[Opening Given records section]
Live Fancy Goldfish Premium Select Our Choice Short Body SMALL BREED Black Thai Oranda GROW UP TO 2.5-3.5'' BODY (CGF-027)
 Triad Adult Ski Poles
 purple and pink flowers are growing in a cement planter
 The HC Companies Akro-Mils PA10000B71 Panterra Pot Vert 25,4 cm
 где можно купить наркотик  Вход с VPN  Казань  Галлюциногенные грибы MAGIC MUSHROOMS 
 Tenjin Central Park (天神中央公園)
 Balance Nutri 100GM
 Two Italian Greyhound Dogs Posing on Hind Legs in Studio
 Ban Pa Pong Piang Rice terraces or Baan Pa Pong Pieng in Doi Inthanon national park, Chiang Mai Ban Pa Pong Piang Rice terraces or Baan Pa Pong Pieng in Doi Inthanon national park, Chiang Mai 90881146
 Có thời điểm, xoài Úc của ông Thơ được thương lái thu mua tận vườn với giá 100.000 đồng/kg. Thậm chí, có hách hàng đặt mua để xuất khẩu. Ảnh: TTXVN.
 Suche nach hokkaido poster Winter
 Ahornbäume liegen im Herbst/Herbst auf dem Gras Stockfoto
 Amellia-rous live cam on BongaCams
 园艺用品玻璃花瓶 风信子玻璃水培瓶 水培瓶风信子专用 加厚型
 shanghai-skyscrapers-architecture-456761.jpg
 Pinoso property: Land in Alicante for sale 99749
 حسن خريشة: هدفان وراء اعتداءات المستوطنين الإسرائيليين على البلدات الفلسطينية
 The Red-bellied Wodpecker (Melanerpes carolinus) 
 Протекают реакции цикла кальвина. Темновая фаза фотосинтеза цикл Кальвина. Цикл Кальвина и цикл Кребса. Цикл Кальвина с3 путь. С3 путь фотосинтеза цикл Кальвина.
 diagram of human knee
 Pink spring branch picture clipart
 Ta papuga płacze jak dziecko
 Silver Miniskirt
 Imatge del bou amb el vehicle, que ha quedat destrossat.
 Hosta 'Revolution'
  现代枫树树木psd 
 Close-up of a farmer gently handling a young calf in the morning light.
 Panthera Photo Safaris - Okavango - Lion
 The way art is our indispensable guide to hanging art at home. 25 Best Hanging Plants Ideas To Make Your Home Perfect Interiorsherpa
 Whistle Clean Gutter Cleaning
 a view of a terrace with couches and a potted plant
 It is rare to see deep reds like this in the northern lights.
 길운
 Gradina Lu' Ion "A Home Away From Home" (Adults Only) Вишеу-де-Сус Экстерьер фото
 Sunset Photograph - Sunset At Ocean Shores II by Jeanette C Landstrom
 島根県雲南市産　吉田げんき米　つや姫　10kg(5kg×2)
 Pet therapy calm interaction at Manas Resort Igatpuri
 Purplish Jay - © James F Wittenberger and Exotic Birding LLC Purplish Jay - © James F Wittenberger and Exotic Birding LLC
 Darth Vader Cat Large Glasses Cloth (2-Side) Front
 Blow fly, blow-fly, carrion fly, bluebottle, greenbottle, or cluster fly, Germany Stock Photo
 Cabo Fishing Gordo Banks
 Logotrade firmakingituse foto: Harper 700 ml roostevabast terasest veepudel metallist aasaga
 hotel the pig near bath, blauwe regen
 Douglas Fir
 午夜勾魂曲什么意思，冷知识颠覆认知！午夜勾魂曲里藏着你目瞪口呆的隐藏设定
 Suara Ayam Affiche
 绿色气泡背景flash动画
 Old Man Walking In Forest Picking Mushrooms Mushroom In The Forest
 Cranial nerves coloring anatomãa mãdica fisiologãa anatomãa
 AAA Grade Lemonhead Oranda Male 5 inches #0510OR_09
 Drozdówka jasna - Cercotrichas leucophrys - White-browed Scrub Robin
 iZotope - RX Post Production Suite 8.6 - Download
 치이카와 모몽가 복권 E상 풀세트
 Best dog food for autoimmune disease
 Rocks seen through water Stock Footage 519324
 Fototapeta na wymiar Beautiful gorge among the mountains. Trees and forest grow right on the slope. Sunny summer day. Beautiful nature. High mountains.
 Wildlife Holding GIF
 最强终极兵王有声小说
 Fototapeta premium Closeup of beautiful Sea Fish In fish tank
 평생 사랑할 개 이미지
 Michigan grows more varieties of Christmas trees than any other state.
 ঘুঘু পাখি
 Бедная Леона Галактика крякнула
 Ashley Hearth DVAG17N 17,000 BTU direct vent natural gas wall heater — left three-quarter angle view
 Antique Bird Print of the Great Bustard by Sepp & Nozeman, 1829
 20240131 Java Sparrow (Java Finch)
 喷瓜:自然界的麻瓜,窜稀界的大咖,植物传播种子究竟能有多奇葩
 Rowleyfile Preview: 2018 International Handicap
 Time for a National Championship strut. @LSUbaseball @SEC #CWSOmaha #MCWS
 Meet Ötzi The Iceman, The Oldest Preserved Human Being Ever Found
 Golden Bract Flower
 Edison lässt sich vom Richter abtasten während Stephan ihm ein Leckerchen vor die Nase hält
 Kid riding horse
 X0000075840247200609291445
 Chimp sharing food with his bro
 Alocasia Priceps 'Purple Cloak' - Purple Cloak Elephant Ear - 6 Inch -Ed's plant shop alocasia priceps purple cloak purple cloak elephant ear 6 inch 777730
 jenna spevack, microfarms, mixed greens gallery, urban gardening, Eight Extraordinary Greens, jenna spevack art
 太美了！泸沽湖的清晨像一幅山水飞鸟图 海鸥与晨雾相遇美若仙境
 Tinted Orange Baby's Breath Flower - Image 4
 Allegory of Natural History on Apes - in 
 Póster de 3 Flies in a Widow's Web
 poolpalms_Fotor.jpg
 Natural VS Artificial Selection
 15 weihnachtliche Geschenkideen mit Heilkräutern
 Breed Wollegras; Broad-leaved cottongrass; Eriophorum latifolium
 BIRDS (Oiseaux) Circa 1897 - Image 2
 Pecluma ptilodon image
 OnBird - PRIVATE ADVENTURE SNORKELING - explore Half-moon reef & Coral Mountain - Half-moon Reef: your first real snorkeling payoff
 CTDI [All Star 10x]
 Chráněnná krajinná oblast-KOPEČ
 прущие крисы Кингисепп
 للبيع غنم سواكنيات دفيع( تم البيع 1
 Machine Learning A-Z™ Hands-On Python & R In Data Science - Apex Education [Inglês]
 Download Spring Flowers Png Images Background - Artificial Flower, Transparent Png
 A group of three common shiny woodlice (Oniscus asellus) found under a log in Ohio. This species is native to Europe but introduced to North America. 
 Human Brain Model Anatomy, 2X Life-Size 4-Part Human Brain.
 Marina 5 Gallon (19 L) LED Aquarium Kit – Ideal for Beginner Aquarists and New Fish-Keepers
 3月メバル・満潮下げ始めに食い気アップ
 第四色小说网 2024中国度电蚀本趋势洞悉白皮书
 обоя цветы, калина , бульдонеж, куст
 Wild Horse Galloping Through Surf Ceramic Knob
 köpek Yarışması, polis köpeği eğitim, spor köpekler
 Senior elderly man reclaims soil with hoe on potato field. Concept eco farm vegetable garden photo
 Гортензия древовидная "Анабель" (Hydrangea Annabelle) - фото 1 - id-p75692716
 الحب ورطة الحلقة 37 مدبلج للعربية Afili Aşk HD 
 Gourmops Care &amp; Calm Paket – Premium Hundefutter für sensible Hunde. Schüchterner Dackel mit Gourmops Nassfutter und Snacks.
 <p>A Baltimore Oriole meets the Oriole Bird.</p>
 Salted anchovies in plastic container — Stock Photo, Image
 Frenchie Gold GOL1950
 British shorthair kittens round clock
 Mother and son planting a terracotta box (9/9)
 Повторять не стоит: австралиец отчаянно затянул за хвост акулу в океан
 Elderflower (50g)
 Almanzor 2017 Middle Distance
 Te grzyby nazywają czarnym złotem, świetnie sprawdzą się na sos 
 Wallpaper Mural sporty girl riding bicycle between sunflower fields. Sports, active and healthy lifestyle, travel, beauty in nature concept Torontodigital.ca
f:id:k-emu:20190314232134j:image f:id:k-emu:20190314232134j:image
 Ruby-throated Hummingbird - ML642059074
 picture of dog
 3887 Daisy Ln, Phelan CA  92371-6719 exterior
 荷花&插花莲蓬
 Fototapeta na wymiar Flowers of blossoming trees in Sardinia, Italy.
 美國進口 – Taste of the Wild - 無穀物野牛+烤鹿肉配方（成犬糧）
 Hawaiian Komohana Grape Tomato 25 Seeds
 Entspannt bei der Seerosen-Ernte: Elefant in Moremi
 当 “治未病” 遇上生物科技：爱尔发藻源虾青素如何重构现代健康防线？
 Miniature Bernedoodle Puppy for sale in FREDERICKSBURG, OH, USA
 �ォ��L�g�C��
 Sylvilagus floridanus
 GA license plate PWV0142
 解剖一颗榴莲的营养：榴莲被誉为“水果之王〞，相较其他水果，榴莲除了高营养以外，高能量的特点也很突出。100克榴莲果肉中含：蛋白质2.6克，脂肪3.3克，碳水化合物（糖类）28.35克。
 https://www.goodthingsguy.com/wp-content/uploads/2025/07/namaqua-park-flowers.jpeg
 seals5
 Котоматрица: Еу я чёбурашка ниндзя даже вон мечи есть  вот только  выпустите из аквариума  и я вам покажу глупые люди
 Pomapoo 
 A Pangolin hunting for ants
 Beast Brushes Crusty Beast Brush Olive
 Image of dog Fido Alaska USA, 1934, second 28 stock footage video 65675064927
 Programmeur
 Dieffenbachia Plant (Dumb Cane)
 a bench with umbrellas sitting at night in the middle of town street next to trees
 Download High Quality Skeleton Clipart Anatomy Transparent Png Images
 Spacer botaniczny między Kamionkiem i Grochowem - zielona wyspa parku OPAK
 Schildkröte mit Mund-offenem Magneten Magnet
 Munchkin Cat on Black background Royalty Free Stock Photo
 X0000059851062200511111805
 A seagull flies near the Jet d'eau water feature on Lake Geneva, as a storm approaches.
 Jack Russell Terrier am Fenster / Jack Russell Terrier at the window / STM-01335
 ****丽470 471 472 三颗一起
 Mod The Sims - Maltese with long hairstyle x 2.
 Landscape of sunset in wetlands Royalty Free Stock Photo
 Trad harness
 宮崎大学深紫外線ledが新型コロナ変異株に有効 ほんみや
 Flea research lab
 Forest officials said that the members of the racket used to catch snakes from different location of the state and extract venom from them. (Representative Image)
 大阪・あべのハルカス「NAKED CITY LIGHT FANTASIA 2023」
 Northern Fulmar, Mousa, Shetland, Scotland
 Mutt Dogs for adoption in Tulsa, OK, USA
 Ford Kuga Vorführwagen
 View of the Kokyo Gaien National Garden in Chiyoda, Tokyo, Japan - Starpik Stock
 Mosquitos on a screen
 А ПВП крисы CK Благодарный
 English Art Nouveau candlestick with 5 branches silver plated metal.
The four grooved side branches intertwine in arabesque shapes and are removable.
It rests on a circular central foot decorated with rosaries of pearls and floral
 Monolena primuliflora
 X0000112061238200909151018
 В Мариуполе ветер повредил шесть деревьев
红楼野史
[Closing Given records section]
■ **Your instructions**
Copy the records above exactly, beginning at the line that contains "Ashley Hearth DVAG17N" and stopping after the line that contains "Machine Learning A-Z™".

■ **Answer space**
 Ashley Hearth DVAG17N 17,000 BTU direct vent natural gas wall heater — left three-quarter angle view
 Antique Bird Print of the Great Bustard by Sepp & Nozeman, 1829
 20240131 Java Sparrow (Java Finch)
 喷瓜:自然界的麻瓜,窜稀界的大咖,植物传播种子究竟能有多奇葩
 Rowleyfile Preview: 2018 International Handicap
 Time for a National Championship strut. @LSUbaseball @SEC #CWSOmaha #MCWS
 Meet Ötzi The Iceman, The Oldest Preserved Human Being Ever Found
 Golden Bract Flower
 Edison lässt sich vom Richter abtasten während Stephan ihm ein Leckerchen vor die Nase hält
 Kid riding horse
 X0000075840247200609291445
 Chimp sharing food with his bro
 Alocasia Priceps 'Purple Cloak' - Purple Cloak Elephant Ear - 6 Inch -Ed's plant shop alocasia priceps purple cloak purple cloak elephant ear 6 inch 777730
 jenna spevack, microfarms, mixed greens gallery, urban gardening, Eight Extraordinary Greens, jenna spevack art
 太美了！泸沽湖的清晨像一幅山水飞鸟图 海鸥与晨雾相遇美若仙境
 Tinted Orange Baby's Breath Flower - Image 4
 Allegory of Natural History on Apes - in 
 Póster de 3 Flies in a Widow's Web
 poolpalms_Fotor.jpg
 Natural VS Artificial Selection
 15 weihnachtliche Geschenkideen mit Heilkräutern
 Breed Wollegras; Broad-leaved cottongrass; Eriophorum latifolium
 BIRDS (Oiseaux) Circa 1897 - Image 2
 Pecluma ptilodon image
 OnBird - PRIVATE ADVENTURE SNORKELING - explore Half-moon reef & Coral Mountain - Half-moon Reef: your first real snorkeling payoff
 CTDI [All Star 10x]
 Chráněnná krajinná oblast-KOPEČ
 прущие крисы Кингисепп
 للبيع غنم سواكنيات دفيع( تم البيع 1
 Machine Learning A-Z™ Hands-On Python & R In Data Science - Apex Education [Inglês]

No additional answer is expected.